The relevance of the Darjeeling precedent to the present research question is instructive but also reveals the framework’s limitation. While the decision confirms robust enforcement of geographical designation rights, it simultaneously illustrates the law’s silence on the design dimension. A manufacturer could legally produce tea marketed with a visual identity strongly associated with Darjeeling through typography, imagery or colour palettes referencing Himalayan tea culture without incurring GI liability, provided the word “Darjeeling” itself is not used. This distinction maps directly onto the textile misappropriation problem: luxury brands may appropriate the design vocabulary of Banarasi or Kanchipuram textiles while remaining insulated from GI infringement liability.
Consorzio del Prosciutto di Parma v Asda: Extended GI Protection and the Presentation Standard
In Consorzio del Prosciutto di Parma v Asda Stores Ltd, the European Court of Justice extended the scope of protection for Protected Designations of Origin (PDOs) beyond the mere use of the designation to encompass certain aspects of product presentation.[20] The Court held that the PDO for “Parma Ham” required slicing and packaging to occur within the designated region because these processes were integral to preserving the quality and reputation associated with the designation.
Although this case arose within the European PDO regulatory framework, its reasoning is relevant to debates concerning reform of the Indian GI regime. The ECJ’s logic—that GI protection may legitimately extend to characteristics contributing to the product’s reputation—suggests a broader understanding of what constitutes the protected subject matter of a geographical indication. Applied analogically, if the integrity of Parma Ham justifies protection over slicing techniques and presentation, then the argument that Banarasi brocade or Kanchipuram silk GIs should extend to their distinctive motif structures and aesthetic grammar becomes doctrinally plausible.
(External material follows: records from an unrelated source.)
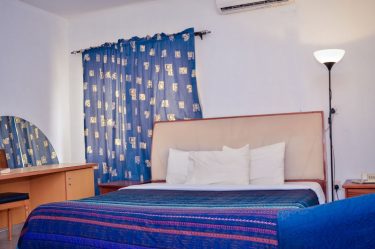 Emperor Hotel and Suites image 3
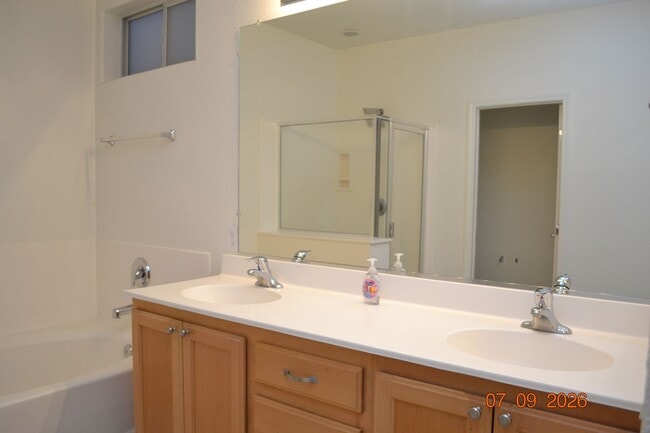 Building Photo - 2BED/2BA SOUTHWEST HOME - 1 STORY IN GATED COMMUNITY WITH POOL AREA AND SPA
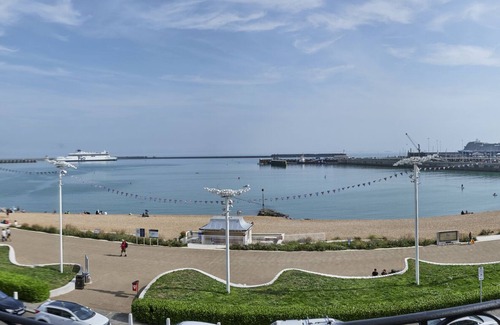 Dover Hotel | Dover Marina Hotel & Spa, Tapestry Collection by Hilton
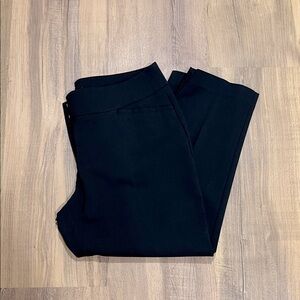 Apt 9 size 10 black capris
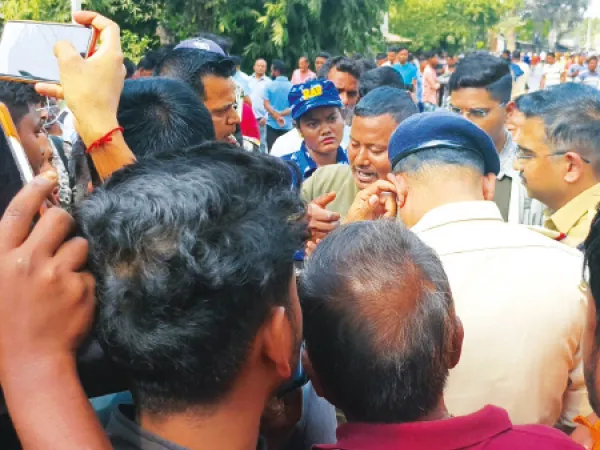শিশুমৃত্যুতে তুলকালাম, চিকিৎসায় ‘গাফিলতি’! বাস ভাঙচুর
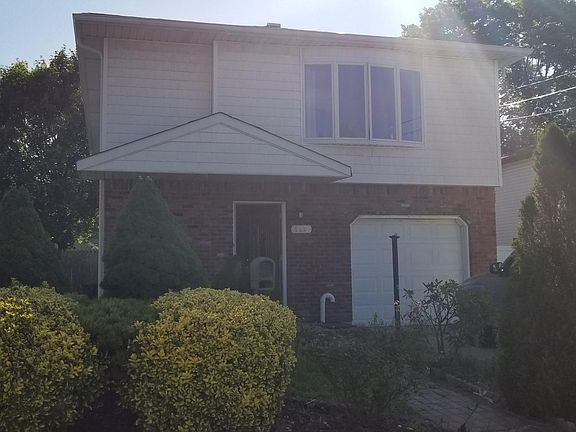 2nd image of 653 Sherman Ave #1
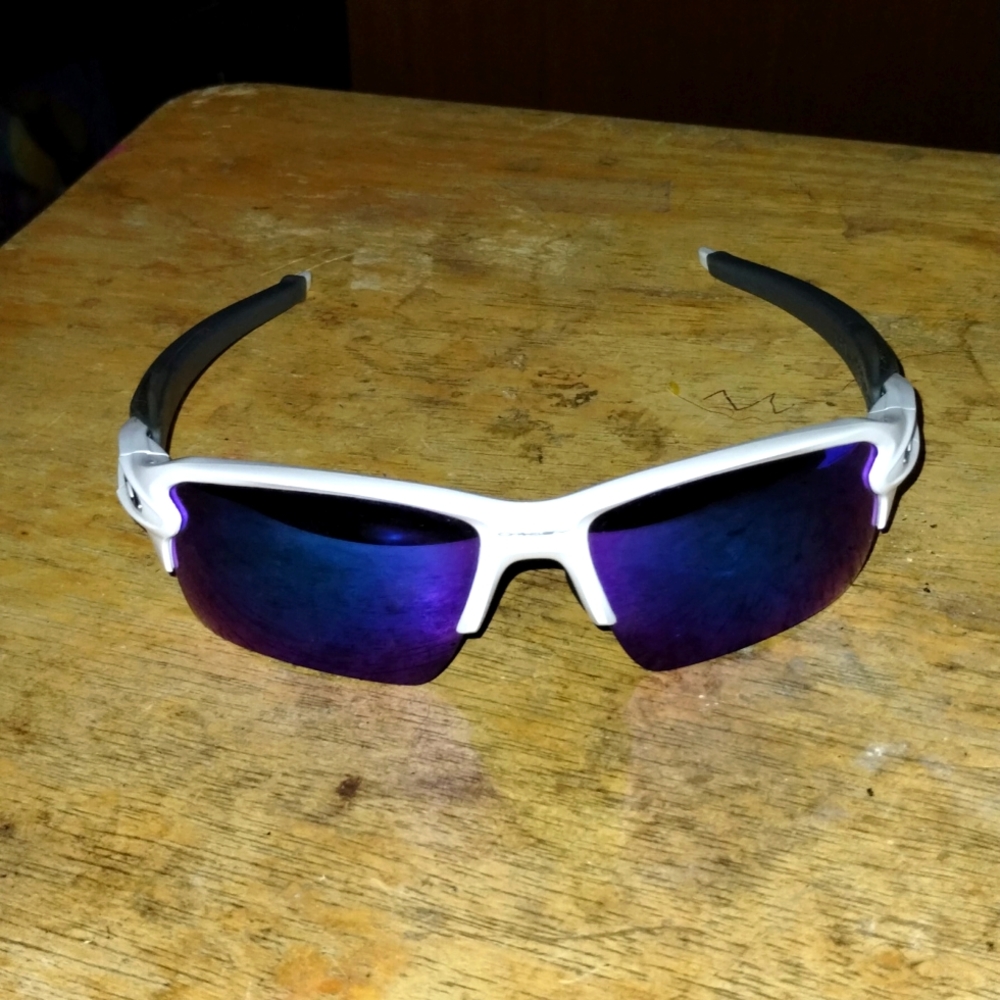 White Oakley flak 2.0 sunglasses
Evocation Doctrine in European GI Jurisprudence
A more expansive approach to GI protection emerged in Scotch Whisky Association v Michael Klotz[21], The Michael Klotz and Golden Bottling rulings establish an “evocation doctrine,” penalizing imagery that prompts consumer association with a protected GI. Since India’s 1999 Act lacks this mechanism, adopting a similar standard would enable enforcement against luxury brands exploiting traditional design vocabularies, even when the protected geographical name is omitted.
Critical Analysis and Findings
The preceding analysis identifies three key deficiencies in the current Indian legal framework. The first is a protection gap. The Geographical Indications of Goods (Registration and Protection) Act, 1999 protects the geographical name of a product but not the design elements embedded in traditional textiles. As a result, distinctive aesthetic features such as weaving patterns and motif systems remain vulnerable to commercial appropriation by global luxury brands, even when the geographical designation itself is not used.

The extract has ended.